S'il se laisse aller à ce mouvement de hauteur intérieure, il ne pourra pas soutenir ceux qui ont des défauts, surtout les défauts qui tiennent à l'amour-propre, qui tendent à la désobéissance, et qui se dirigent contre sa personne, soit comme supérieur soit comme particulier. La même chose arrivera pour les âmes tentées, surtout lorsque la tentation est si violente, que les pauvres âmes en sont accablées, et principalement lorsqu'elle se dirige contre lui. Dans tous ces cas, il a besoin de se surveiller beaucoup, parce que cet esprit de hauteur le rend incapable de traiter ces maladies de l'âme; il a besoin de devenir très doux et d'avoir une grande souplesse d'esprit. En gé­néral, cette qualité est très bonne pour faire con­trepoids à la hauteur.

Tout le monde peut employer ces remèdes avec grand avantage.
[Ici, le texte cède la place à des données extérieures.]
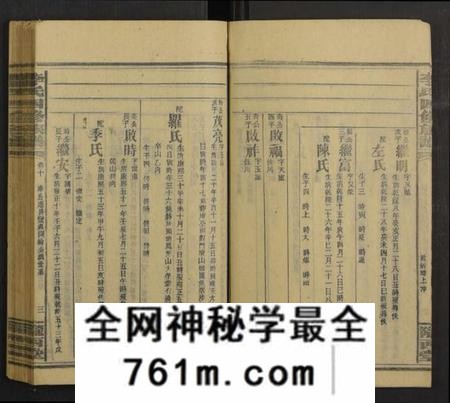 湖南李氏族谱-邵阳李氏四修族谱 [家派集世系卷50卷].pdf电子版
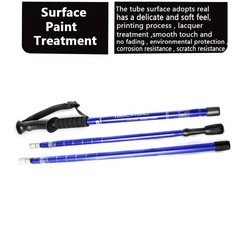 2PCS Trekking Hiking Poles Walking Sticks Adjustable Aluminum Alpenstock w/ Tips
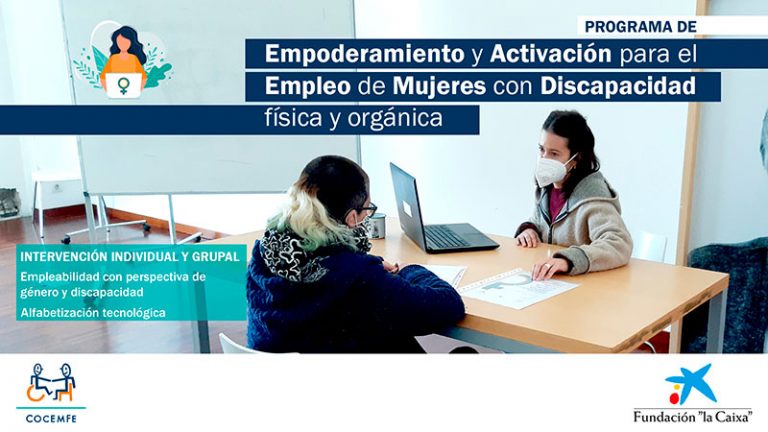 Cocemfe Cáceres promueve el empoderamiento de 45 mujeres con discapacidad en 2021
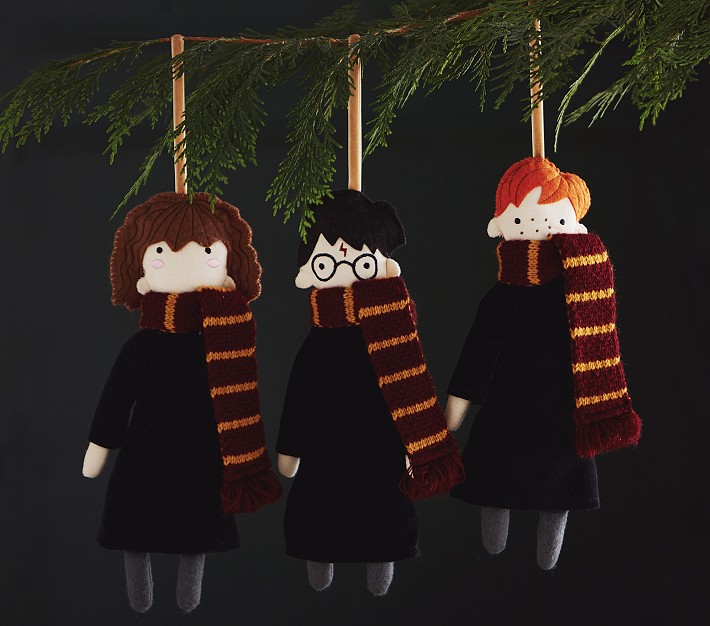 Christmas Tree Harry Potter ornament Handmade Hogwarts Glitter Santa New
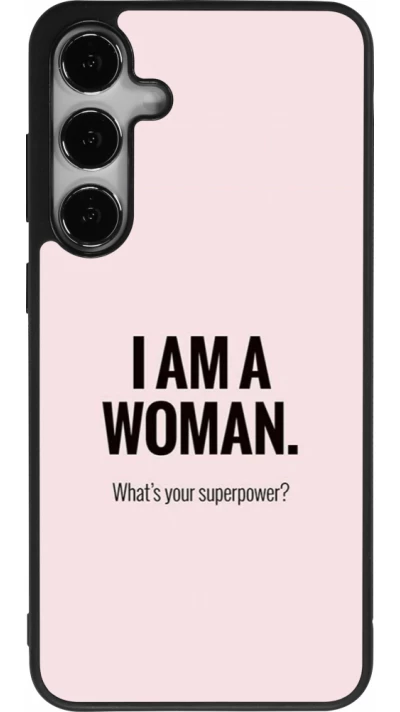 Samsung Galaxy S25+ Case Hülle - Silikon schwarz I am a woman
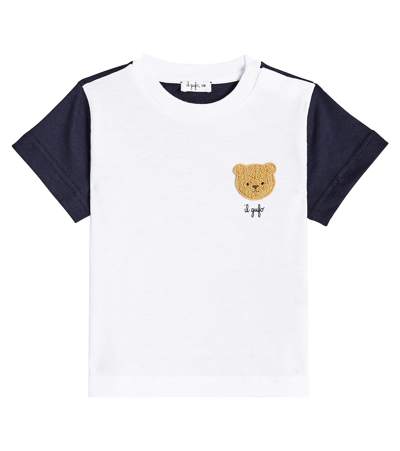 Il Gufo Baby Cotton Jersey T-shirt In Multicoloured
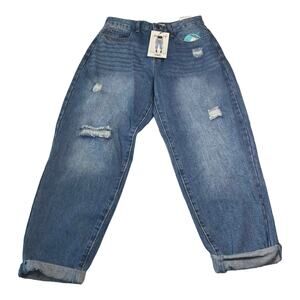 YMI Dream Collection Womens Jeans Junior Size 7 Loose Balloon Fit Medium Wash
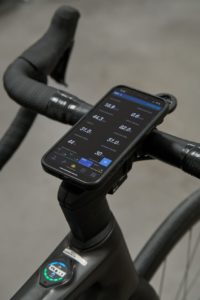 Mavic X-Tend app shown on stem mounted mobile device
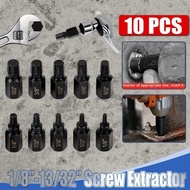 10PCS Screw Extractor Hex Head Bolt Extractor Damaged Screw Extractor Set Bolt Extractor Screw Remov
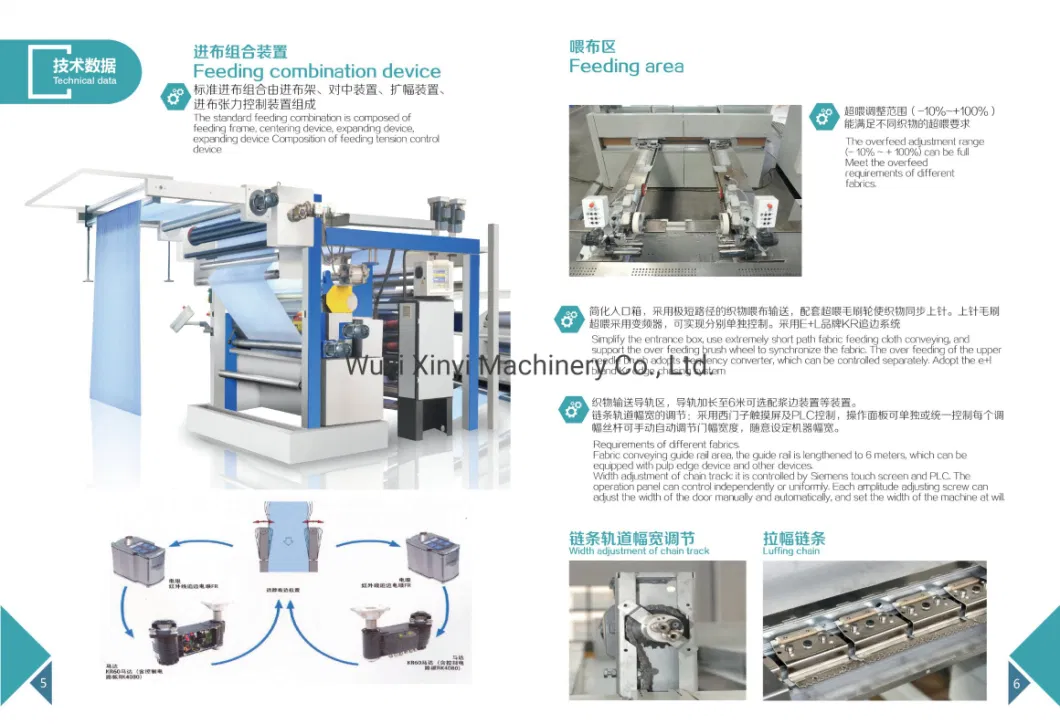 Flannelette Drying and Setting Use Steam Heating System Textile Stenter Machine for Finishing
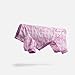 Silver Paw Tie-Dye Dog Pajamas - Onesies Jumpsuit for Small to Large Dogs | Dog Clothes - Pink, XL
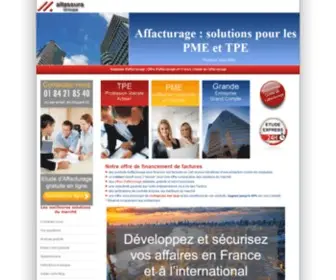 Affacturage.org(Solutions de financement pour les PME et TPE) Screenshot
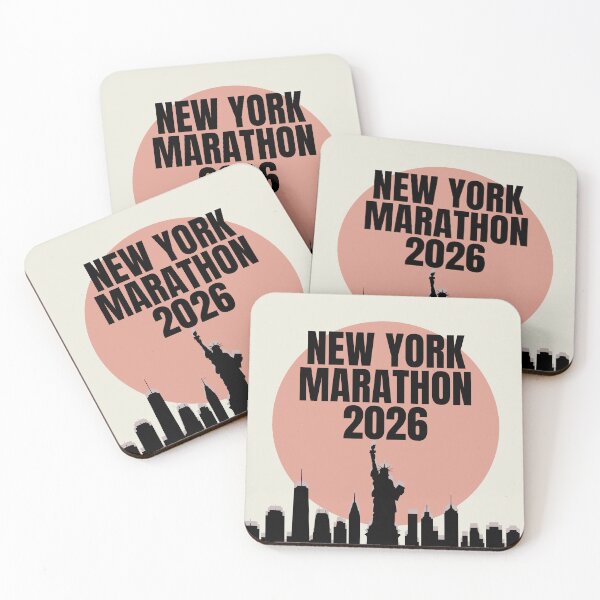 Item preview, Modern New York 26.2 Running Design | Minimal Skyline | Marathon Inspired designed and sold by HAPPICHEST.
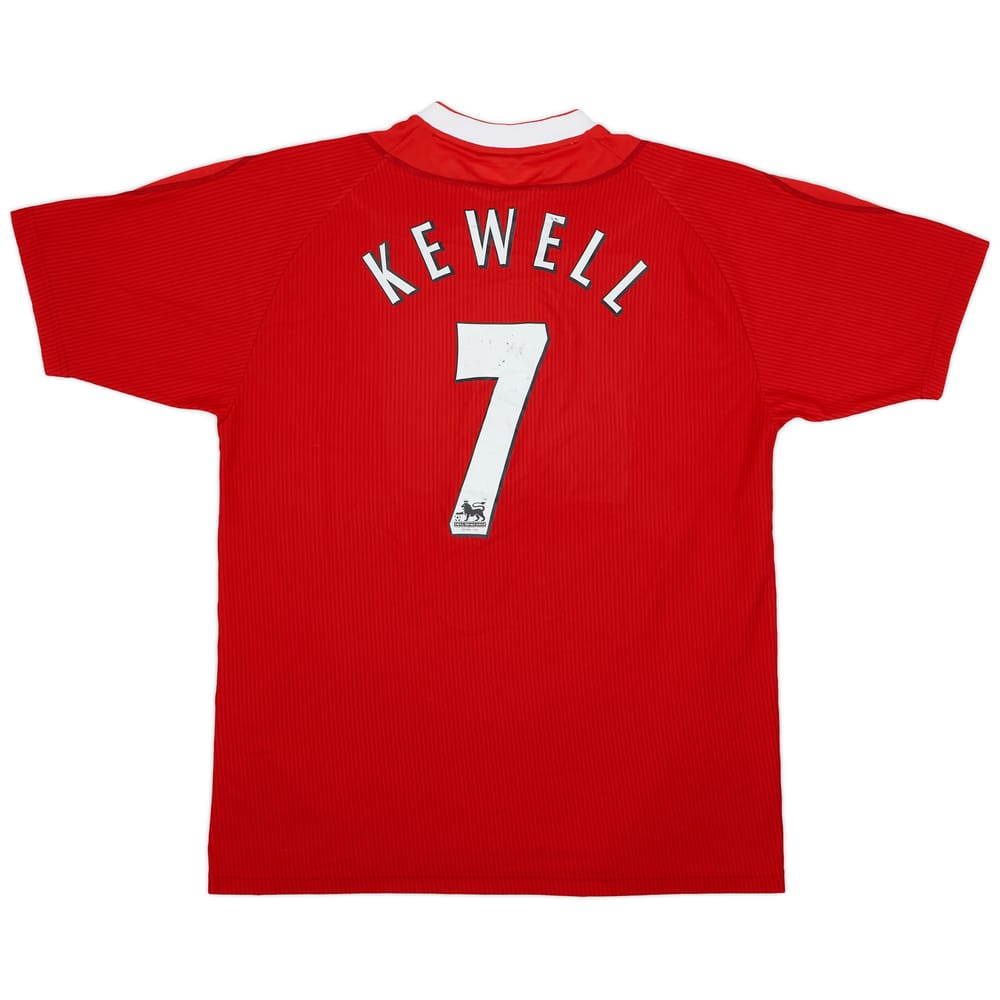 2002-04 Liverpool Home Shirt Kewell #7 - 7/10 - (L)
Une autre faute dans laquelle le supérieur tombe par ce défaut, c'est qu'il est jaloux de son autorité; il manifeste en toute circonstance que c'est lui qui est le maître, et lorsqu'on lèse son autorité en quoi que ce soit, il a grand soin d'y remédier; il s'en fâche et se mécontente beau­coup. Outre cela, il emploie et prend des moyens pour affermir son autorité dans l'esprit des infé­rieurs; il use même quelquefois dans ce but de stratagèmes et de moyens secrets et détournés. I1 fait tout cela dans la pensée qu'il a besoin d'au­torité pour se faire obéir; c'est une secrète illu­sion de son esprit d'orgueil qui le trompe. C’est l'esprit de Dieu qui doit donner autorité à un supérieur; celle qu'il acquiert par son industrie et son arrogance est une autorité factice et usur­pée, et elle ne produira pas de grands effets. Le moyen de faire observer l'obéissance, c'est de la rendre douce et suave, et de donner l'exemple d'une sage humilité. Le supérieur doit viser en toutes choses à faire respecter Dieu et non sa propre personne.